How similar all creatures are, deep down.

Esganikan could feel Shan's desperate dread of
c'naatat,
a fear that had drowned out her own needs—a nightmare of supersoldiers, uncontrolled population growth, wars over the privilege of owning the biotech, a battleground between the haves and the have-nots, the destruction of the fabric of the ecology, the economy and society. There would also be something called
stupid, wasteful bloody beauty treatments
derived from it without a thought of the long-term consequences, although Esganikan was still working out what that meant.

All life was meant to end. Humans were far too obsessed with stagnant permanence—in mortal or spiritual form—in a universe already predestined to end and begin anew.

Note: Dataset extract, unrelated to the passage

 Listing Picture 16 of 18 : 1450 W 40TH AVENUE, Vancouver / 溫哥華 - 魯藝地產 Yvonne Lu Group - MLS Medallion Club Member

Esganikan distracted herself by catching up on the latest climate modeling that the ecosystem analysts had produced in the last few hours. It would probably upset the
gethes
that she'd taken information from their systems rather than waiting to be given it, but this was not their timetable to dictate. They were squabbling among themselves just like the isenj had done, except that their wars would damage other species, and so they had to be
managed.

If Shapakti failed to find a way to remove
c'naatat
from Esganikan, she would face the same choice as the wess'har once had—at what point to give up her unnatural life.

Stop this. You've been on Earth less than twenty-four hours. Deal with that when you have to. You knew the risks.

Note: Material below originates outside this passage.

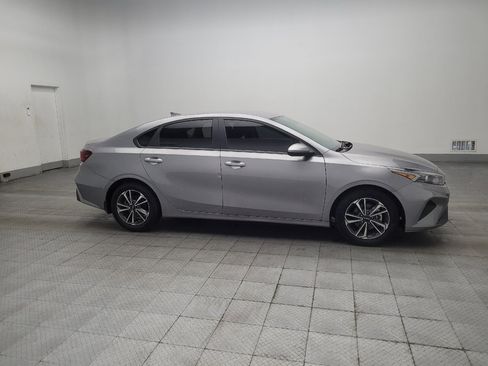 Used 2024 Kia Forte LXS FWD image 11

The climate changes on Earth weren't as extreme as the first Eqbas model had predicted: humans had tried to mend their ways again, but it was never enough and they always stopped short of the necessary measures. She gazed at the three-dimensional animated models of expanding and contracting ice, isotherms, storm systems and sea levels. The warming had slowed; so had the deliberate destruction of many habitats, but humans had no technology for putting things back the way they were. The reports emerging on her screen showed a debate growing between her ecology analysts about how much of that slowdown could be attributed to declining human numbers, remedial action, or the planet's natural cycles. The
gethes
were dying in greater numbers from famine, floods and disease. There still seemed to be an ample and renewable supply of them, though.